Segment Start: DATA PROVIDED

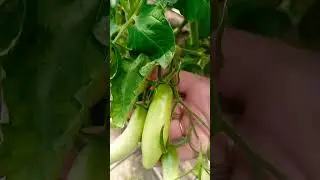 🍅 Аурия нашлась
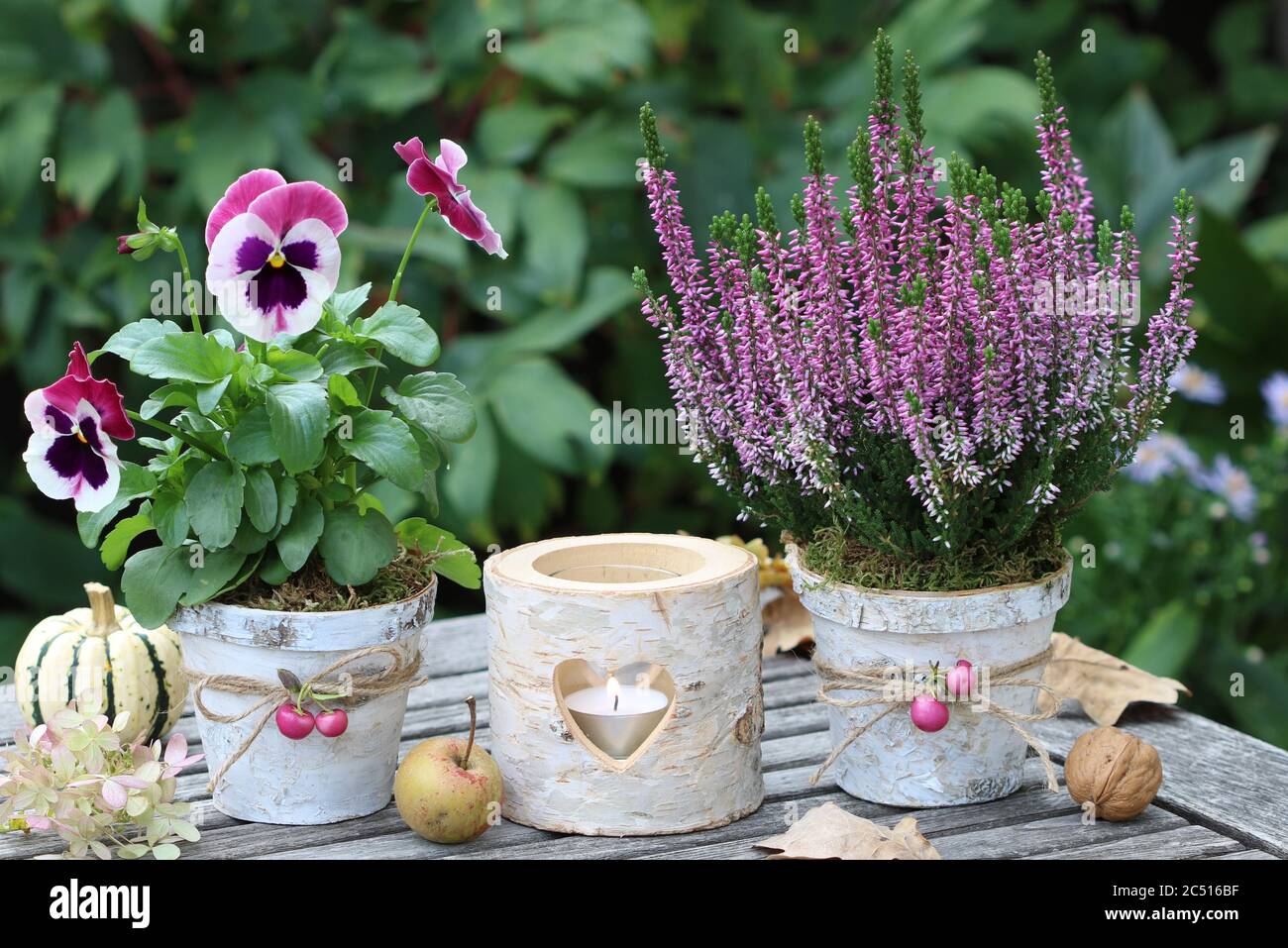 décoration rustique d'automne avec fleurs roses dans des pots en écorce de bouleau et lanterne de table Banque D'Images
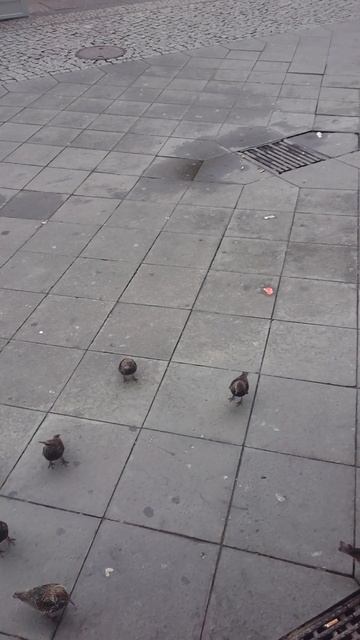 Birds eating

Segment End: DATA PROVIDED

> WHAT THE TASK ASKS:
Only the lines from the one with "décoration rustique d'automne" through the last line of the listing belong in your answer; copy them exactly and skip the pictures.

> SOLUTION FOR THIS TASK:
 décoration rustique d'automne avec fleurs roses dans des pots en écorce de bouleau et lanterne de table Banque D'Images
 Birds eating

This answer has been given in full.